• _Exercise material_
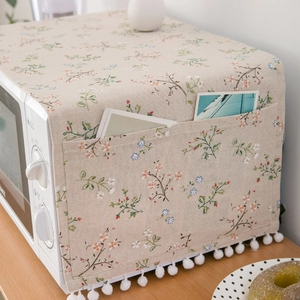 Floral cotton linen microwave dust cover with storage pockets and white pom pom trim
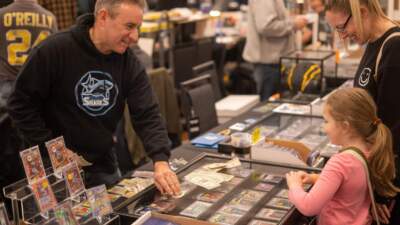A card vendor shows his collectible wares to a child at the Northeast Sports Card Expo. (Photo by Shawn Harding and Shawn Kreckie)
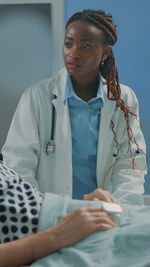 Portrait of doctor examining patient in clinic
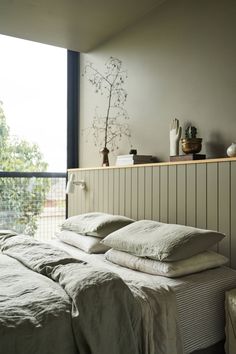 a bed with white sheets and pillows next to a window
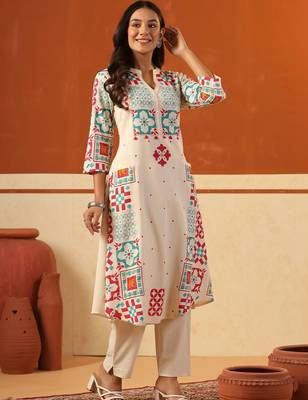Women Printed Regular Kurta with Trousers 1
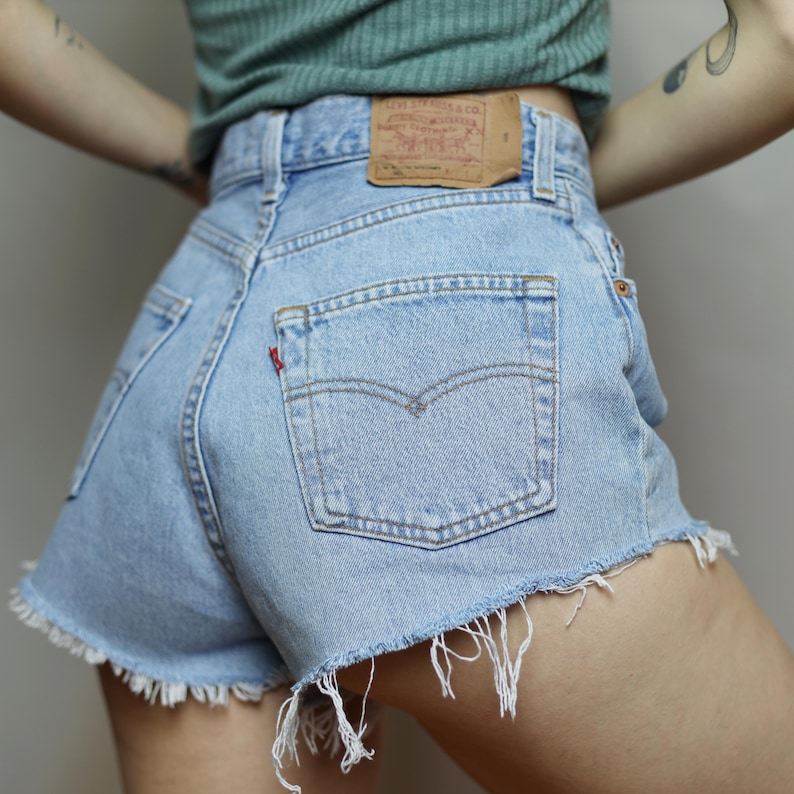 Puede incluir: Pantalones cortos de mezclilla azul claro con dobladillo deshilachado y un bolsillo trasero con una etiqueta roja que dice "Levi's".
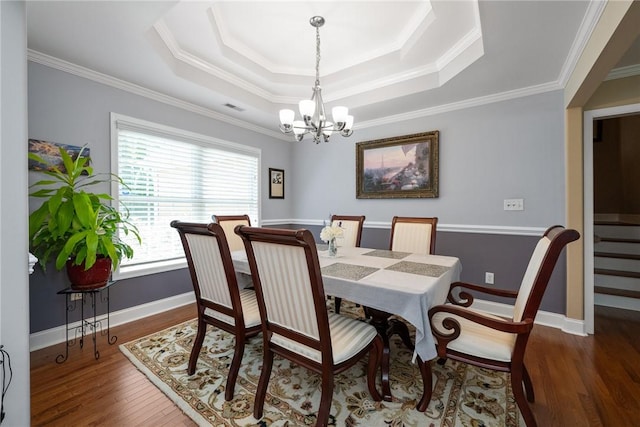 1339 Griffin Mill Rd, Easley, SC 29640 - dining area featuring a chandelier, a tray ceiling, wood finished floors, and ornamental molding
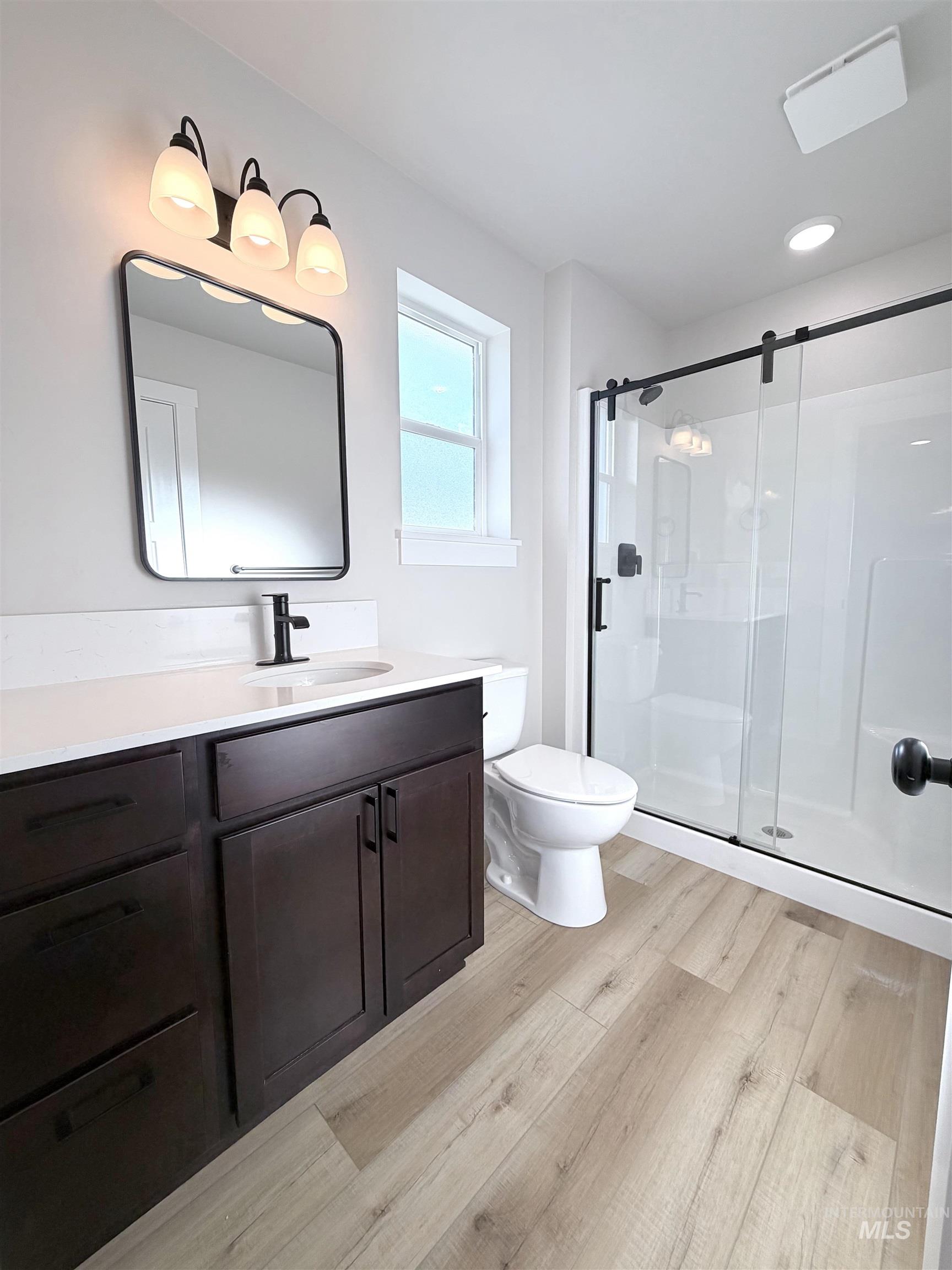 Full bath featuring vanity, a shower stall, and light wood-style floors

• _Work to be completed_
Transcribe each of the records above precisely, with no pictures in the copy.

• _Answer below_
 Floral cotton linen microwave dust cover with storage pockets and white pom pom trim
A card vendor shows his collectible wares to a child at the Northeast Sports Card Expo. (Photo by Shawn Harding and Shawn Kreckie)
 Portrait of doctor examining patient in clinic
 a bed with white sheets and pillows next to a window
Women Printed Regular Kurta with Trousers 1
 Puede incluir: Pantalones cortos de mezclilla azul claro con dobladillo deshilachado y un bolsillo trasero con una etiqueta roja que dice "Levi's".
 1339 Griffin Mill Rd, Easley, SC 29640 - dining area featuring a chandelier, a tray ceiling, wood finished floors, and ornamental molding
 Full bath featuring vanity, a shower stall, and light wood-style floors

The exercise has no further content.